Minoxidil is usually administered with both a diuretic and a β-blocker, combined α/β-blocker or a central sympatholytic, because minoxidil increases sympathetic tone and causes significant sodium retention. For refractory edema, it may be necessary to apply a combination of thiazide-type and loop-type diuretics. The tachycardia caused by minoxidil treatment can aggravate myocardial ischemia and, if this is long-standing, left ventricular hypertrophy can develop.
Minoxidil’s safety in pregnancy has not been established, but minoxidil is excreted into breast milk and should thus not be used by breastfeeding mothers.
Antihypertensive Effect
Minoxidil for hypertension is usually administered at an initial dose of 2.5 mg to 5 mg, 2× per day or occasionally once daily. Although doses up to 100 mg have been used, the usual maximum daily dose is 50 mg.
The plasma half-life of minoxidil is 2.8 to 4.2 hours, and the plasma protein binding is negligible; its oral absorption is 100%. Minoxidil is metabolized extensively in the liver, along four pathways: glucuronidation (67%), hydroxylation (25%), sulphation, and conversion to an uncharacterized polar compound. The sulphated metabolite of minoxidil is pharmacologically active, and it probably accounts for much of the parent drug’s activity.
Adverse Effects
As the most common adverse effect of minoxidil, hirsutism is observed in nearly 80% of patients. The hirsutism begins with the development of fairly fine facial hair, progressing to coarse hair all over the body. The hair disappears gradually after the minoxidil treatment is stopped.

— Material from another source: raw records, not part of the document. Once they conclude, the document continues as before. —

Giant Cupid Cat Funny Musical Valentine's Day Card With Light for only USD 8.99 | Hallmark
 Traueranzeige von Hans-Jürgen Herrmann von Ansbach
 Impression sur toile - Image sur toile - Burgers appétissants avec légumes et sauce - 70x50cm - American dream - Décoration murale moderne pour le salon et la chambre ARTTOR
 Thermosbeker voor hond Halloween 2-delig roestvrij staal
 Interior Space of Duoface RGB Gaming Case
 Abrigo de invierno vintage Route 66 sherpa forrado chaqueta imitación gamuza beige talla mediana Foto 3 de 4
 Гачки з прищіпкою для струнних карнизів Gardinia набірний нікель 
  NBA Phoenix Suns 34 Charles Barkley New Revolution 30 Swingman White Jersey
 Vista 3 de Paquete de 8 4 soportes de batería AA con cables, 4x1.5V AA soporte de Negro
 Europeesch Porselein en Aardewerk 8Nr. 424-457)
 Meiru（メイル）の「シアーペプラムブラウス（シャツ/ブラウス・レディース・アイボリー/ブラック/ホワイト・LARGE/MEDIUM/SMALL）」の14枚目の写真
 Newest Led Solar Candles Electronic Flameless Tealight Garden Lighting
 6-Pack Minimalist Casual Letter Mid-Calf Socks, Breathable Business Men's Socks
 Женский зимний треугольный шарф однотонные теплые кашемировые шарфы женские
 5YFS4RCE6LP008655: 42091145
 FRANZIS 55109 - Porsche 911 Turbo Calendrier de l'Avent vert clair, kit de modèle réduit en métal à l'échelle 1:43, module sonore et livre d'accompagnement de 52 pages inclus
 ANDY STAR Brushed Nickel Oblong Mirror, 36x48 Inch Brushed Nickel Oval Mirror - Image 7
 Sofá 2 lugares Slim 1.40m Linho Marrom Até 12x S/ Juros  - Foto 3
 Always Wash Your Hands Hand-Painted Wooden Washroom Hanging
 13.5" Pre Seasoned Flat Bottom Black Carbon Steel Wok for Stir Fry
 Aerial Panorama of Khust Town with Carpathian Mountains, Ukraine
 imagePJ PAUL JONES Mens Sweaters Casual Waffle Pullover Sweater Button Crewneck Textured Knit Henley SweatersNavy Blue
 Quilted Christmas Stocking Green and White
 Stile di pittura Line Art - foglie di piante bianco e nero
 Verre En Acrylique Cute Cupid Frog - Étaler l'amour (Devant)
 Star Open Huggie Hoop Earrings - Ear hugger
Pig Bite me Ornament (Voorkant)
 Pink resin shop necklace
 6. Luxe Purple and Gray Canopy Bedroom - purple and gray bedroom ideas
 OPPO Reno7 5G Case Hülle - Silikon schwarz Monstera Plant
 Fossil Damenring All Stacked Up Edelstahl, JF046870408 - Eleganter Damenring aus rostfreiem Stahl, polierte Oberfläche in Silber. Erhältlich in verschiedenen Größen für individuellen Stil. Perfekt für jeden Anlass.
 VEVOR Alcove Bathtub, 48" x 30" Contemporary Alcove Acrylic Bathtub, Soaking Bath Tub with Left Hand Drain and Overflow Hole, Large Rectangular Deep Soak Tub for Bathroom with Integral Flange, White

During the first few days of minoxidil treatment, electrocardiographic (ECG) changes are often observed; tachycardia as a result of reflex sympathetic activation may account for these ECG changes, which include T-wave inversion and ST depression but are not associated with cardiac enzyme elevation. In minoxidil-treated patients with ischemic heart disease, angina may be aggravated. Pericardial effusions appear in approximately 3% of minoxidil-treated patients attributed to potent fluid retention and are most common among those with advanced nephropathy or who are on dialysis.